Author has twist of her own

Tracey Slaughter – award-winning author, university lecturer and unexpected rock chick.

August will find Cambridge writer Tracey Slaughter basking in her preferred element – knee-deep in words and surrounded by those who shape them into works of art.

Tracey is involved in this year’s Hamilton Book Month, a string of 20 literary-oriented events running through August.  Up from 17 events last year, the 2018 programme offers workshops, panels, a seminar and a play, conversations with authors, illustrators, storytelling and much more.

Tracey will chair the Travels in Memory panel at Hamilton’s Meteor Theatre on Monday August 13, from 6.30pm, where she will steer key questions around life-writing with acclaimed authors Catherine Chidgey, Diana Wichtel and Vivianne Flintoff.

Events such as these, and the awards she has entered through the years, are her oxygen in a world dominated by a teaching role at Waikato University and running a slightly unusual private life. “I try to use them as a spur … something to aim at.
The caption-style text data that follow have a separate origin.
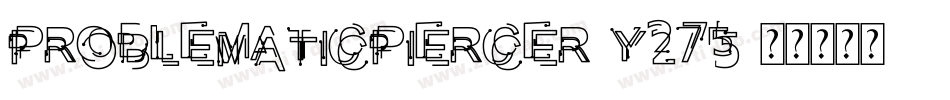 ProblematicPiercer-y275字体转换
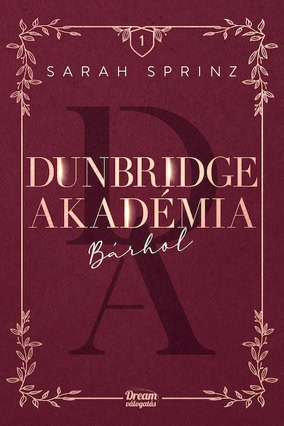 Cover Sarah Sprinz: Dunbridge Academy 1 – Anywhere (Maxím, Dream valogatás, Ungarn)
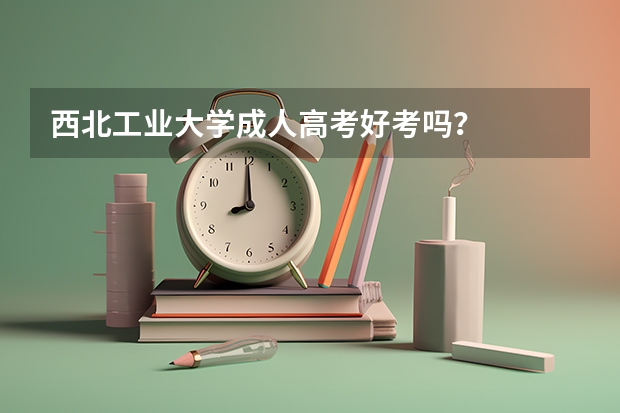 西北工业大学成人高考好考吗？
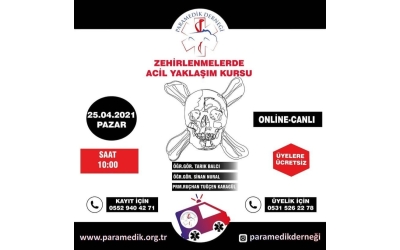 ZEHİRLENMELERDE ACİL YAKLAŞIM KURSU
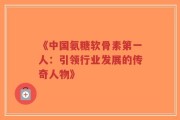 《中国氨糖软骨素第一人：引领行业发展的传奇人物》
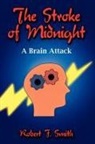 Robert Smith, Robert F. Smith - Stroke of Midnight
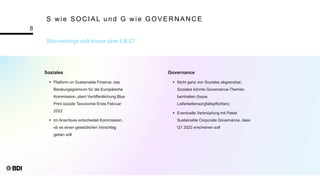 Was verbirgt sich hinter dem S & G?
8
S wie SOCIAL und G wie GOVERNANCE
Soziales
 Platform on Sustainable Finance, das
Beratungsgremium für die Europäische
Kommission, plant Veröffentlichung Blue
Print soziale Taxonomie Ende Februar
2022
 Im Anschluss entscheidet Kommission,
ob es einen gesetzlichen Vorschlag
geben soll
Governance
 Nicht ganz von Soziales abgrenzbar,
Soziales könnte Governance-Themen
beinhalten (bspw.
Lieferkettensorgfaltspflichten)
 Eventuelle Verknüpfung mit Paket
Sustainable Corporate Governance, dass
Q1 2022 erscheinen soll
 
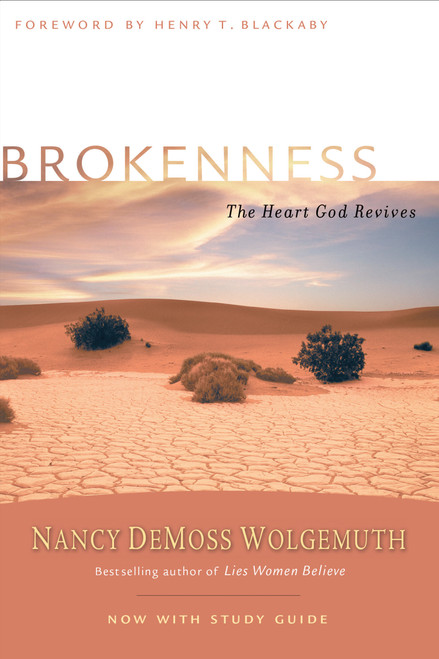 Brokenness (The Heart God Revives) by Nancy DeMoss Wolgemuth, 9780802412812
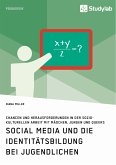 Social Media und die Identitätsbildung bei Jugendlichen. Chancen und Herausforderungen in der soziokulturellen Arbeit mit Mädchen, Jungen und Queers (eBook, PDF)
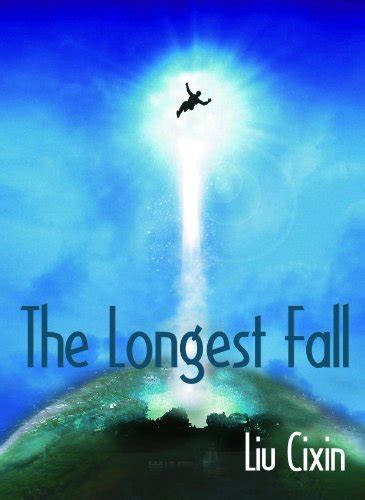 The Longest Fall (Short Stories by Liu Cixin Book 12)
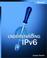 Cover of: Understanding IPv6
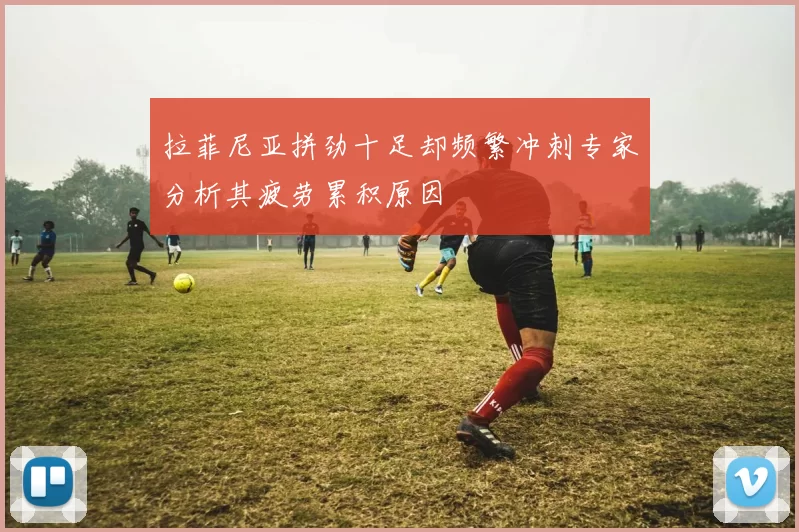 拉菲尼亚拼劲十足却频繁冲刺专家分析其疲劳累积原因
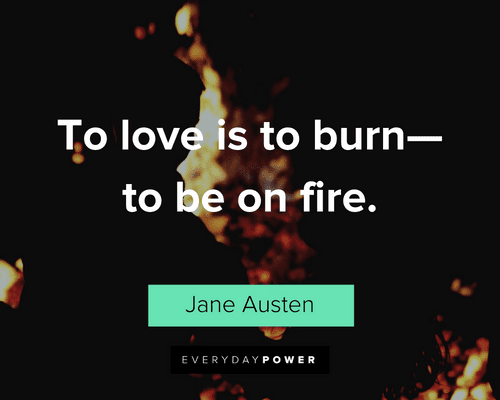 Fire Quotes About being in love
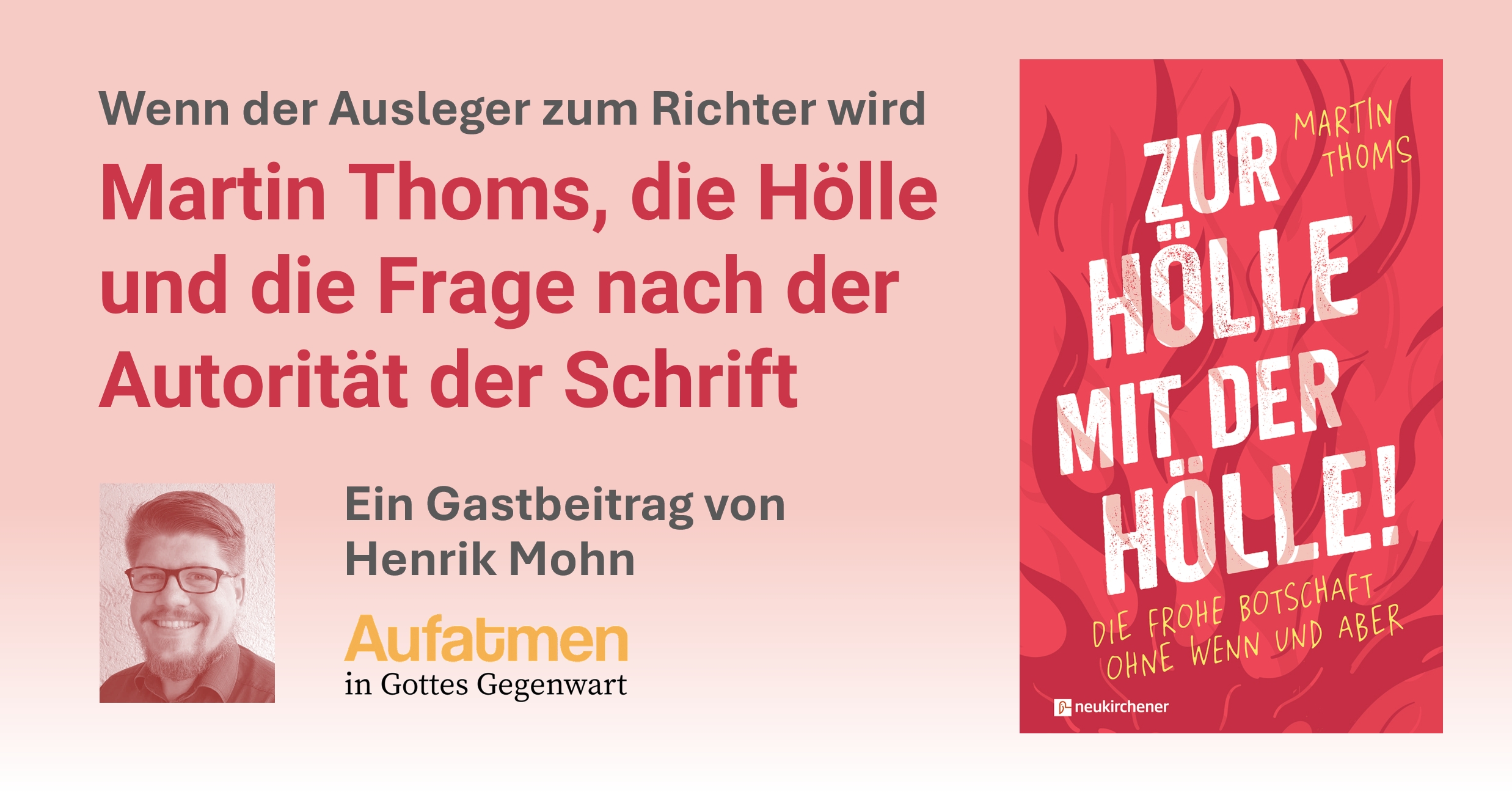 Wenn der Ausleger zum Richter wird: Martin Thoms, die Hölle und die Frage nach der Autorität der Schrift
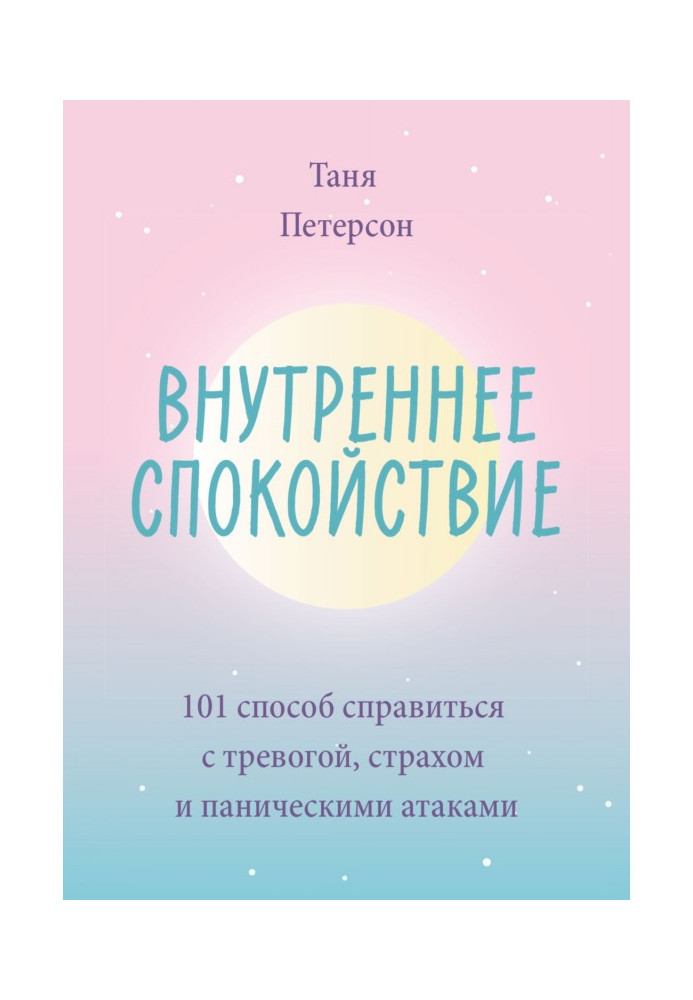 Внутрішній спокій. 101 спосіб впоратися з тривогою, страхом і панічними атаками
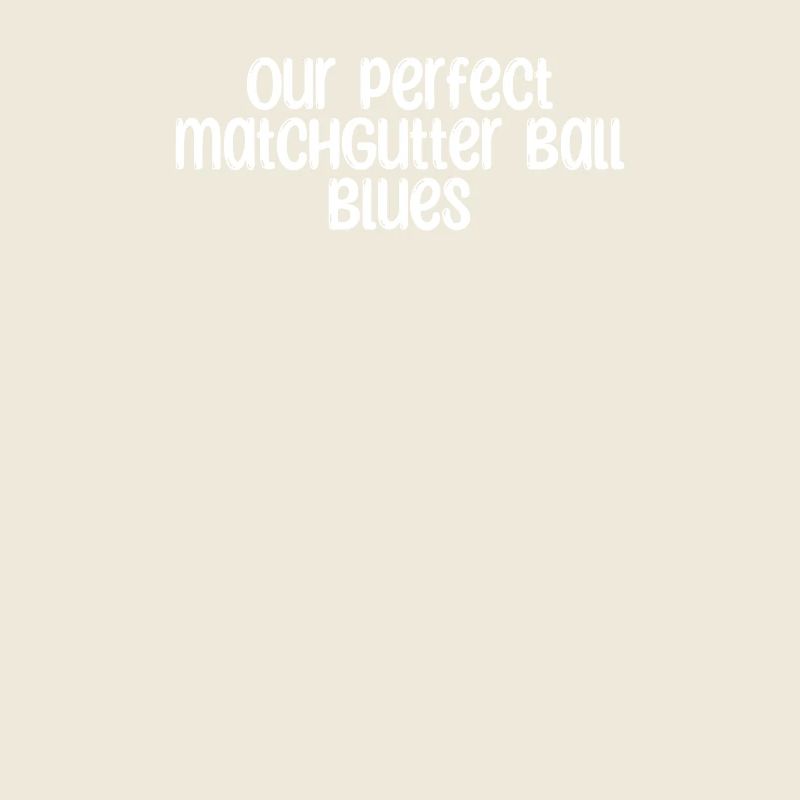 Bowling - Notre match parfaitGutter Ball Blues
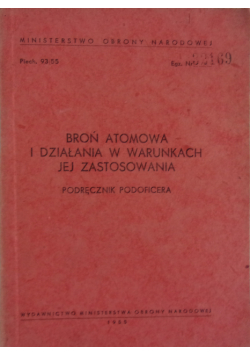 Broń atomowa i działania w warunkach jej zastosowania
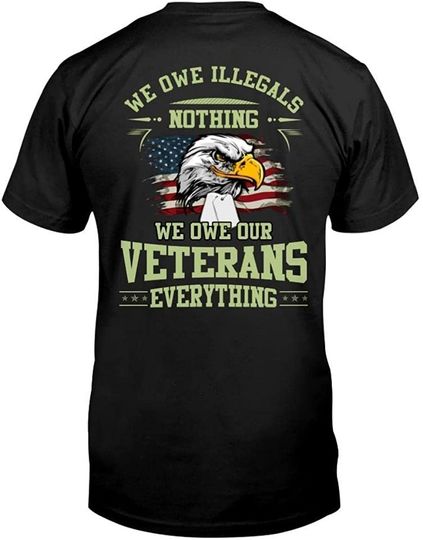 Discover Eagle American We Owe Illegals Nothing We Owe Our Veterans Everything T-Shirt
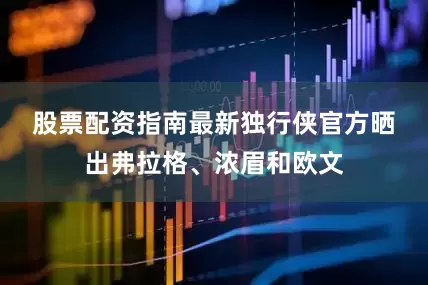 股票配资指南最新　　独行侠官方晒出弗拉格、浓眉和欧文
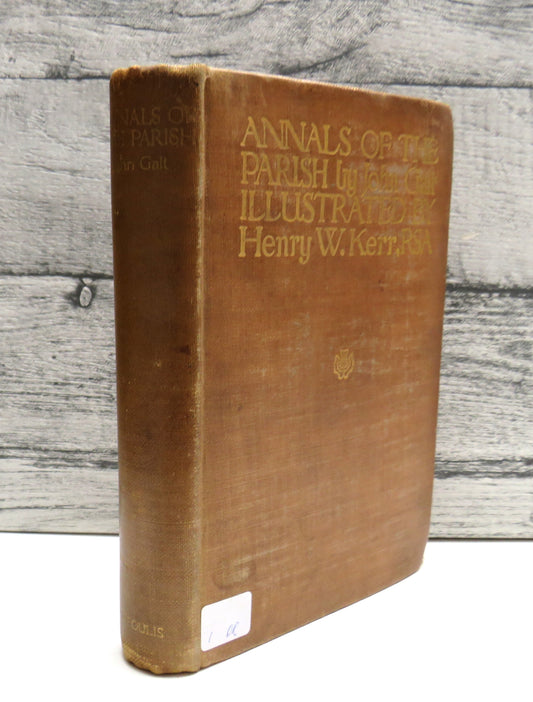Annals of the Parish By John Galt 1911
It’s such a joy just being around book nerds, people who love books as much as I do.”

Tracey is an award-winning poet and short story writer. She rates the international Bridport Prize in 2014 as one of her biggest wins to date, but has also won two Katherine Mansfield Awards, was the recipient of the 2010 Creative New Zealand Louis Johnson New Writer’s Bursary, and won the Landfall Essay Competition in 2015.

Her short stories have been shortlisted in numerous competitions, and in 2007, she was a winner of the NZ Book Month Award. This year, she came second in the prestigious international Peter Porter Poetry Award, for a poem entitled breather.

Tracey was born in Papatoetoe, raised mainly in the Coromandel and can scarcely recall a time when she didn’t write. “I was a voracious reader, always glued to a book or two, always being told to go outside and play.  And I always wrote … poems, short stories.”

She completed a BA English major in Auckland, married and then found herself juggling two small children – now teenage boys – while doing her thesis on New Zealand Women’s Autobiographies and working on her own creativity. “I think the experience of motherhood brought it to the surface.”

The books came – first a collection of short stories entitled her body rises, then a novella called The Longest Drink in Town, and more recently, another collection of short stories entitled deleted scenes for lovers. She’s just had the publication confirmed of a new book of poetry, and more works are in the pipeline.

Earning a crust came in the form of teaching creative writing, first in Auckland and now at Waikato. She loves the university environment where teaching brings a different joy. “I love unlocking creativity, seeing the students make a breakthrough.”

Tracey reckons she was a “bit geeky” at school, but now her flame-haired self has the sort of life that would make her schooldays critics seem staid.  She’s the drummer and singer in Radiobaby, a rock covers band that has been doing gigs across Waikato and the Coromandel for six years.

It’s another great passion, and she gets a delectable kick when people see her setting up the drums for a gig. “They think it’s really nice of me to help the band out – it’s quite something to see their response when they find out I’m the drummer!”